### Exercise requirements
With the exception of the pictures, write out the data below precisely.

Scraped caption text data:
━━━━
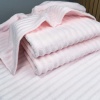 Набір махрових рушників Зеро Твіст 3шт GM Textile 50x90см, 50x90см, 70x140см 550г/м2 (Світло-рожевий)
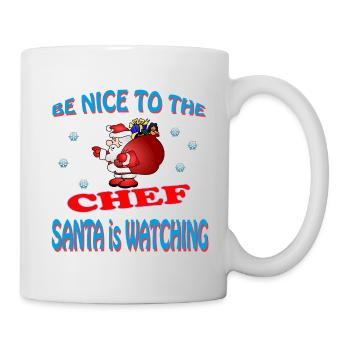 CHEF DU PÈRE NOËL - Mug blanc - blanc - Droite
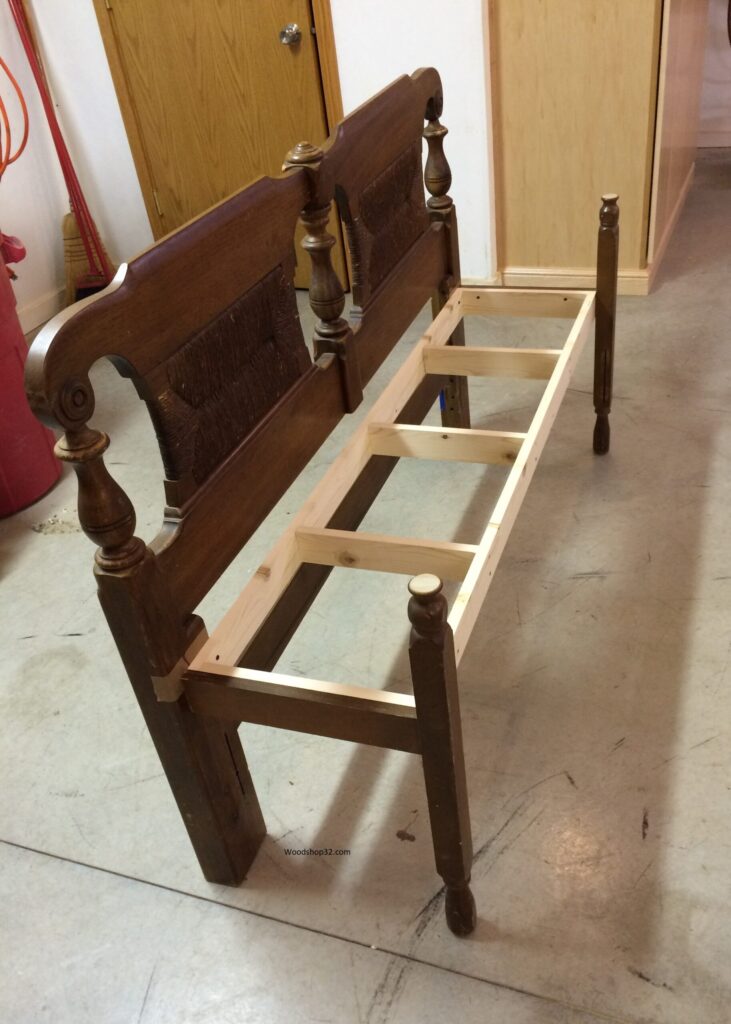 building headboard bench frame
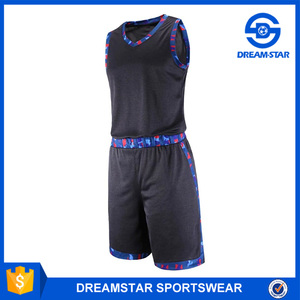 Adult white and blue basketball Jersey wholesale - Product Image 5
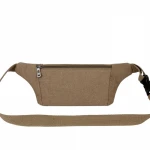 Fashion Look High Capacity Men Women Canvas Waist Pack Phone Pocket Belt Waist Bags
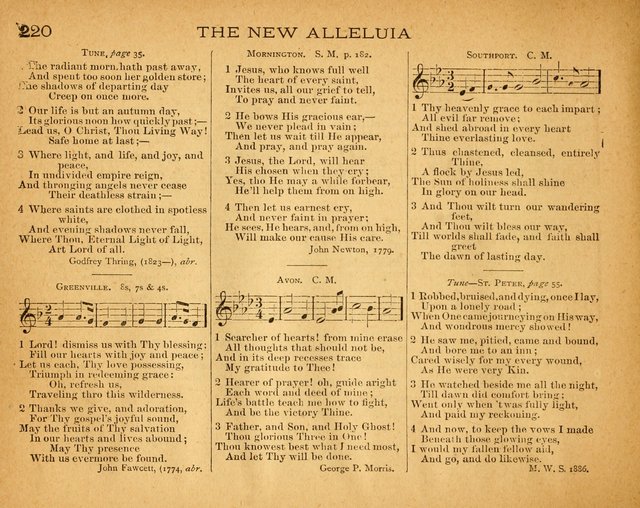 The New Alleluia: a collection of hymns and tunes for the Church School, and the mid-week meeting page 225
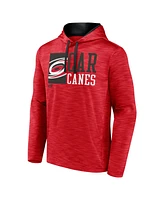 Fanatics Men's Red Carolina Hurricanes Never Quit Pullover Hoodie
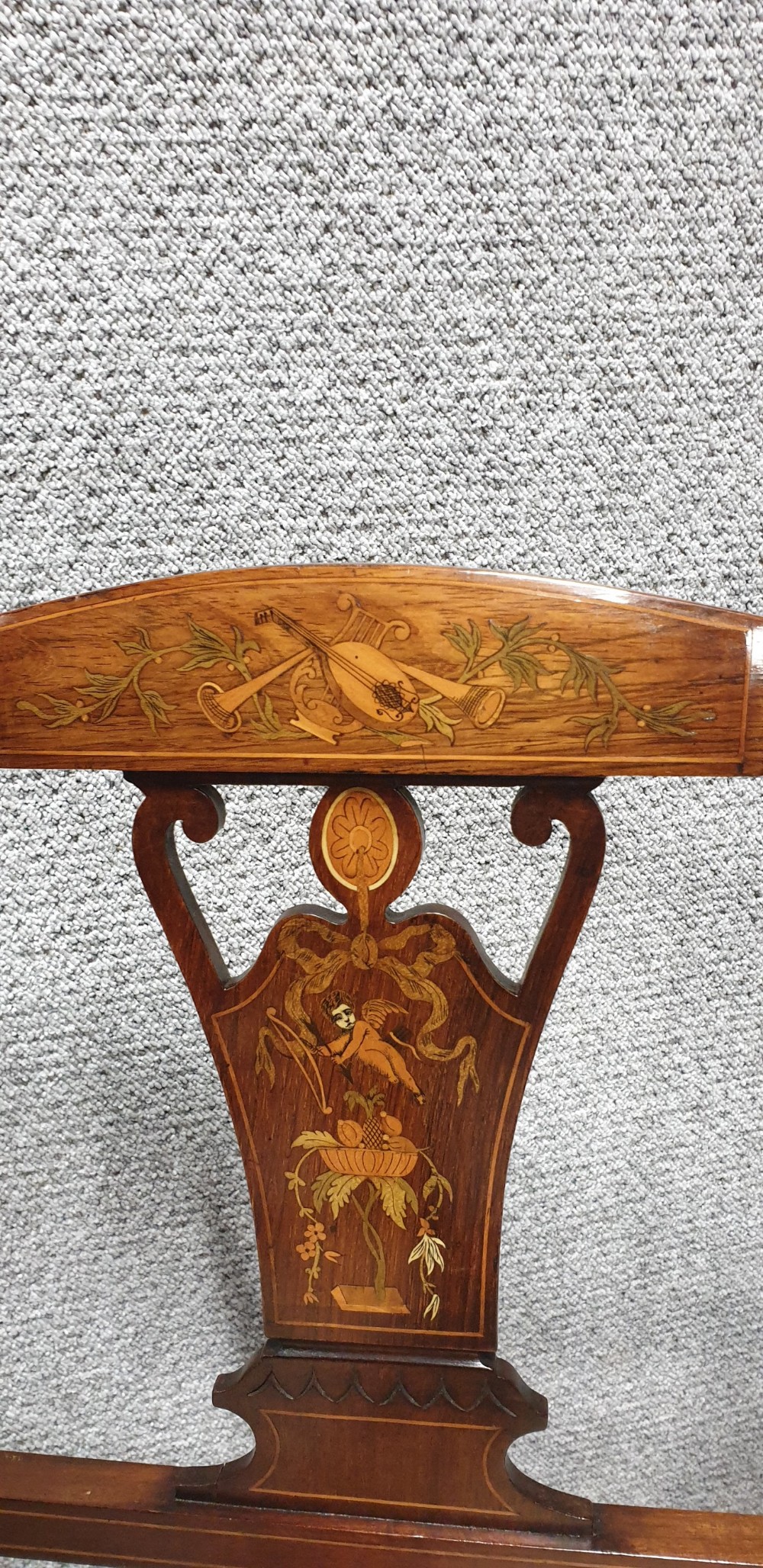Inlaid Mahogany Window seat View VI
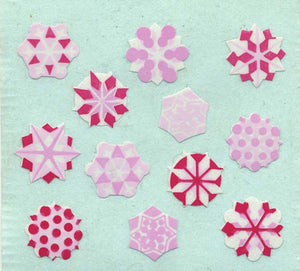Pack of Paper Stickers - Snowflakes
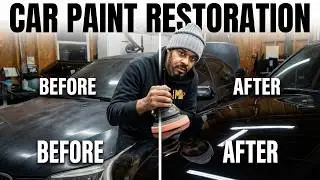 How to Buff & Polish Your Car DIY | BMW E60 Paint Restoration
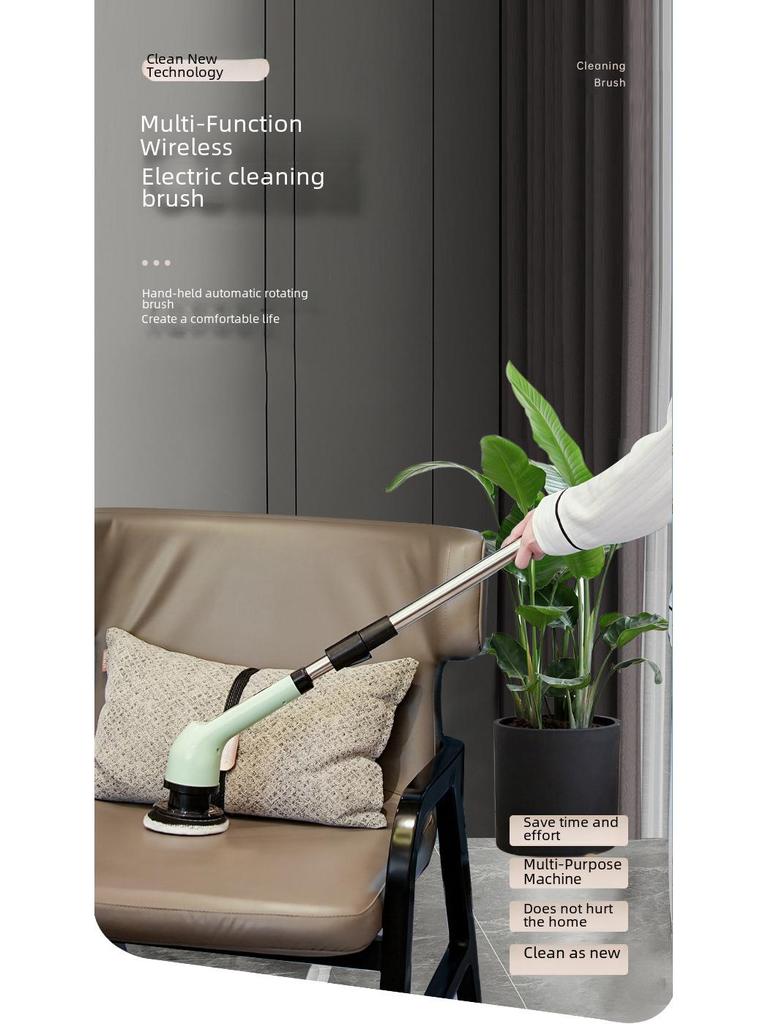 Multi-Function Electric Cleaning Brush for Kitchen, Bathroom & Floor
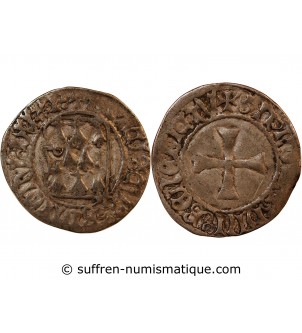 DUCHE DE BRETAGNE, FRANCOIS Ier - BLANC A LA TARGE 458 / 1488 RENNES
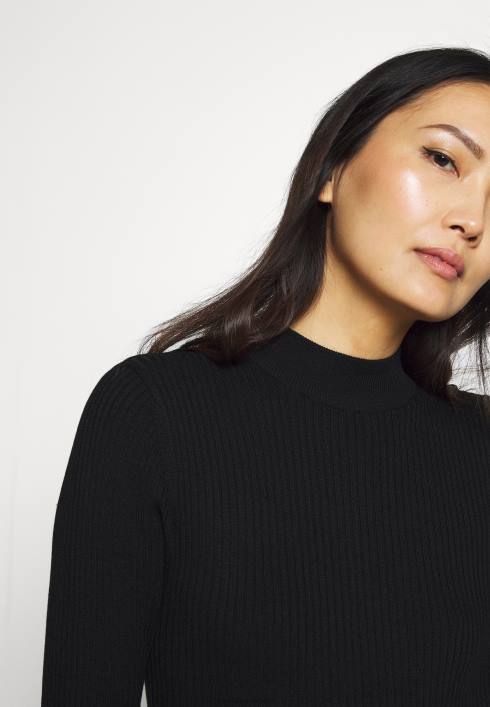 femei crew ausschnitt bodycon ripp mini strickkleid shift dress negru Anna Field2284204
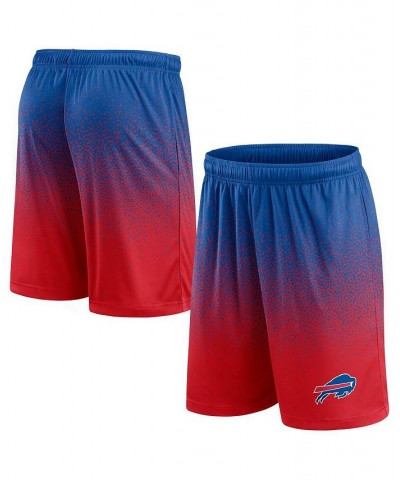 Men's Branded Royal, Red Buffalo Bills Ombre Shorts $25.79 Shorts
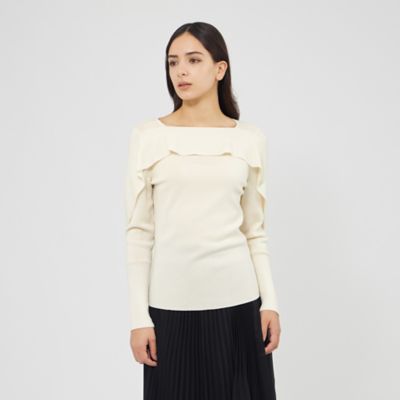 ＜EPOCA (Women)＞ドレープショルダーニット　プルオーバー（Ｍ５Ｎ６２６１８＿＿）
━━━━
### Answer to this problem
 Набір махрових рушників Зеро Твіст 3шт GM Textile 50x90см, 50x90см, 70x140см 550г/м2 (Світло-рожевий)
 CHEF DU PÈRE NOËL - Mug blanc - blanc - Droite
 building headboard bench frame
 Adult white and blue basketball Jersey wholesale - Product Image 5
 Fashion Look High Capacity Men Women Canvas Waist Pack Phone Pocket Belt Waist Bags
 The New Alleluia: a collection of hymns and tunes for the Church School, and the mid-week meeting page 225
 Fanatics Men's Red Carolina Hurricanes Never Quit Pullover Hoodie
Inlaid Mahogany Window seat View VI
Pack of Paper Stickers - Snowflakes
 How to Buff & Polish Your Car DIY | BMW E60 Paint Restoration
 Multi-Function Electric Cleaning Brush for Kitchen, Bathroom & Floor
 DUCHE DE BRETAGNE, FRANCOIS Ier - BLANC A LA TARGE 458 / 1488 RENNES
 femei crew ausschnitt bodycon ripp mini strickkleid shift dress negru Anna Field2284204
 Men's Branded Royal, Red Buffalo Bills Ombre Shorts $25.79 Shorts
 ＜EPOCA (Women)＞ドレープショルダーニット　プルオーバー（Ｍ５Ｎ６２６１８＿＿）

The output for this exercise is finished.